The substance requirements imposed by the Circular are broadly the same as those set out in the two previous circulars on intra-group financing. However, the Circular now particularly insists on the fact that Luxembourg companies carrying out intra-group financing activities should have a genuine presence in Luxembourg meaning the capacity to enter into and manage the risk of the transaction via (i) their board, the majority of whom should consist of Luxembourg resident or professionally resident managers and (ii) duly qualified employees to control the transactions, although it accepts that functions which are not significant for the control of the risks can be outsourced.

iv.     Advance pricing agreements (“APA”) and non-binding effect of existing APA

The Circular confirms that it is still possible for taxpayers who wish to obtain certainty as to the validity of their transfer pricing documentations to ask for advance pricing agreements. However, the requirements in terms of documentation are now more stringent and more complete than they were under the previous regime. This probably will lead to a further increase of the costs of filing an APA.

Finally, the Circular states that, as from January 2017, any APA issued prior to the issue date of the Circular that is not in line with its provisions are no longer valid or binding the LTA, for fiscal years after 2016.

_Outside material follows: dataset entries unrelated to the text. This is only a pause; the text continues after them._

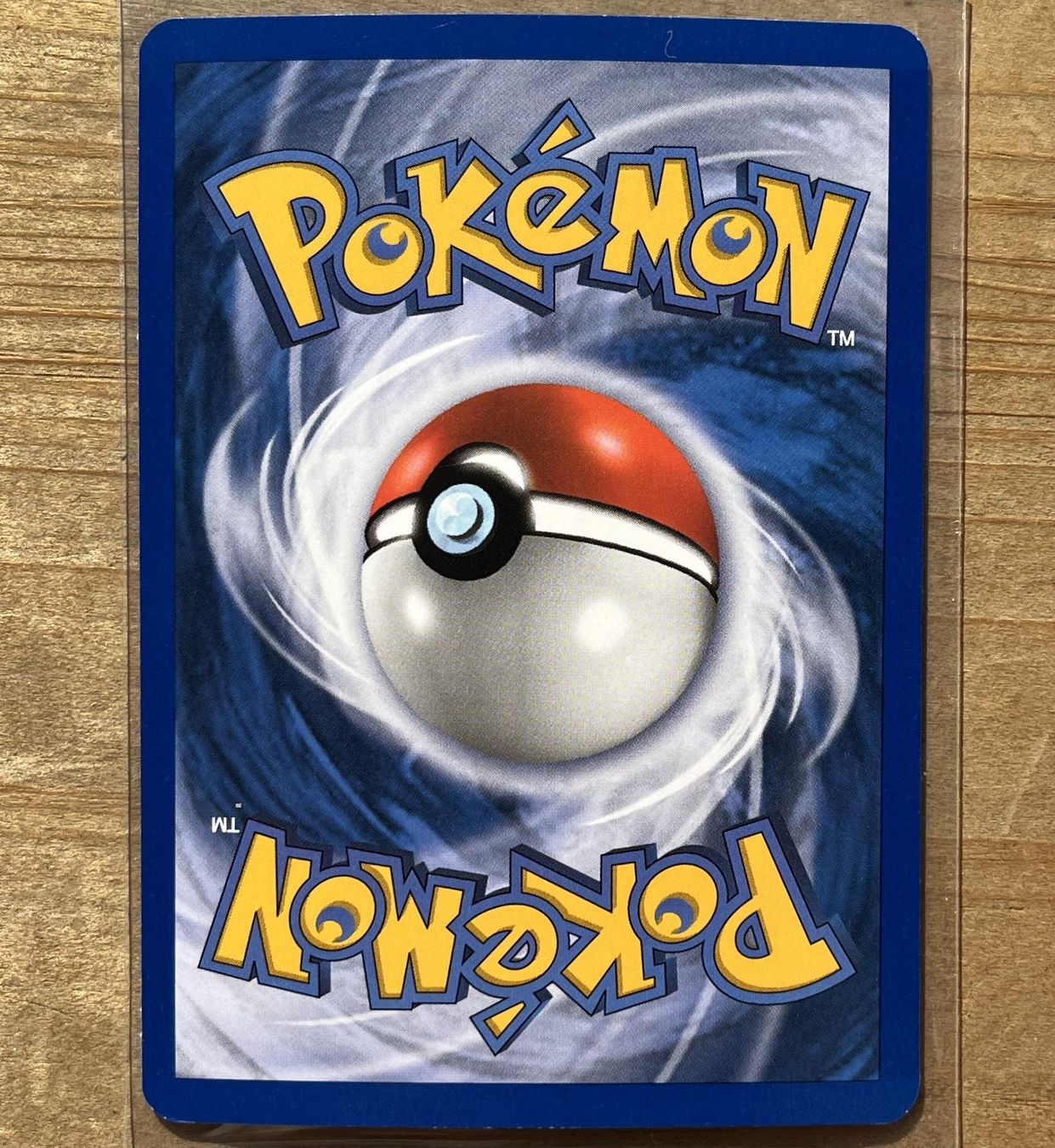 Pokémon Carte collezionabili: Yanma Ex Unseen Forces 50/115 Reverse Holo – Usato da Dornach venduto da Deco89 1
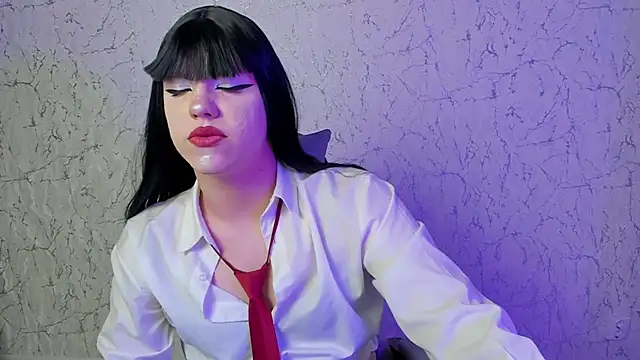 Madison_dolly webcam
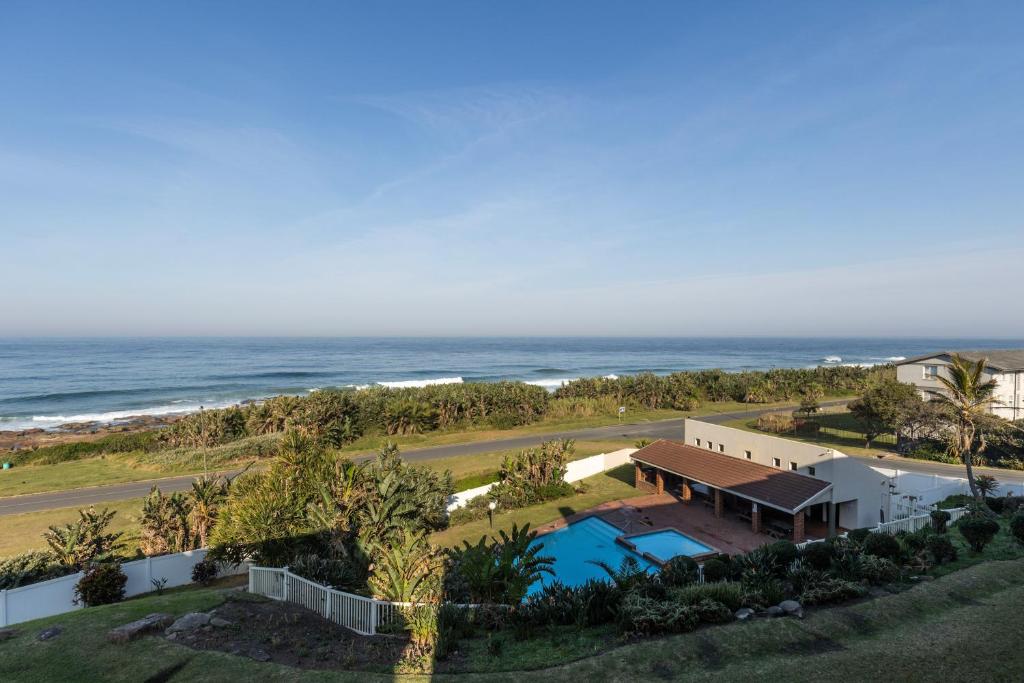Photo #1 of Laguna La Crete 12 in Margate, South Africa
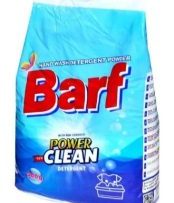 Порошок для стирки Barf  500 гр
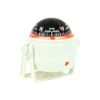 MiDMarine Magnetic Navigation Boat Compass Compact White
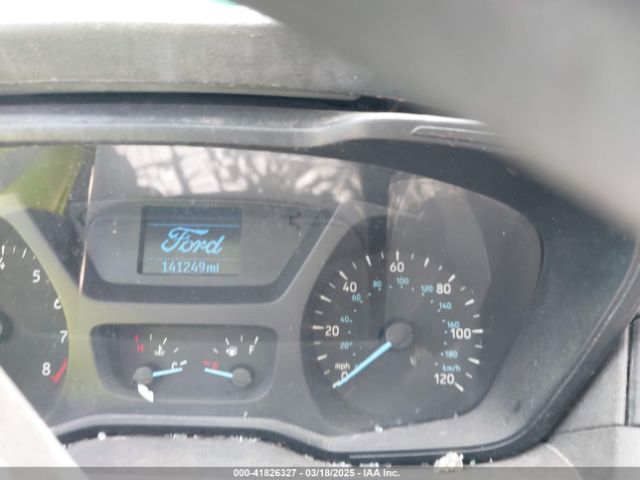 1FTYR1ZM7KKA56092 Ford Transit-250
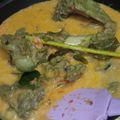 Cooksnap dari Sella Rosita untuk resep Nasi kebuli ricecooker (kambing)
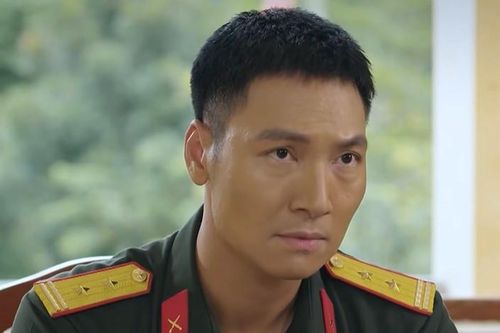 'Không thời gian' tập 23: Trung tá Đại tìm hiểu về gia đình Lãm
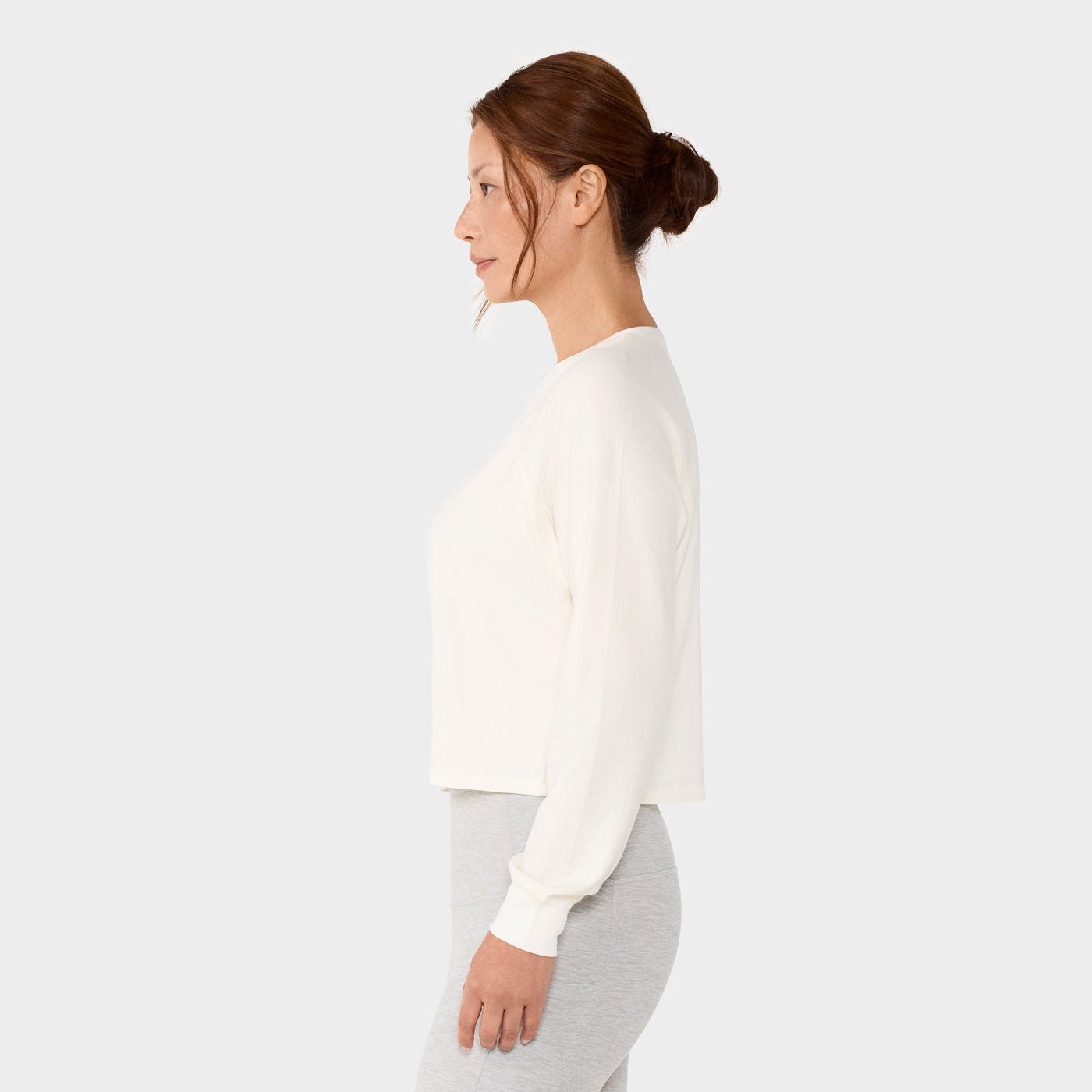 Long Sleeve Raglan | Tops > Long Sleeve | Tavi – Tavi Active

This position, although not surprising, may be questionable. Indeed, according to the law of 19 December 2014, advance tax agreements bind the LTA for a period of 5 years unless there is a change in factual circumstances or if there is a change in the law which is incompatible with the agreement. The question is therefore whether article 56bis ITL introduced a change in the law which is incompatible with the APA granted in the past. As stated above, in our opinion, article 56bis ITL does not necessarily introduce new rules, but is merely a codification or confirmation of the application of the OECD Guidelines in the Luxembourg ITL, which were already applied before the introduction of the new article 56bis ITL.

This being said, we would nevertheless advise taxpayers to review their transfer pricing documentation in light of the rules of the new Circular rather than to rely on a previously obtained APAs.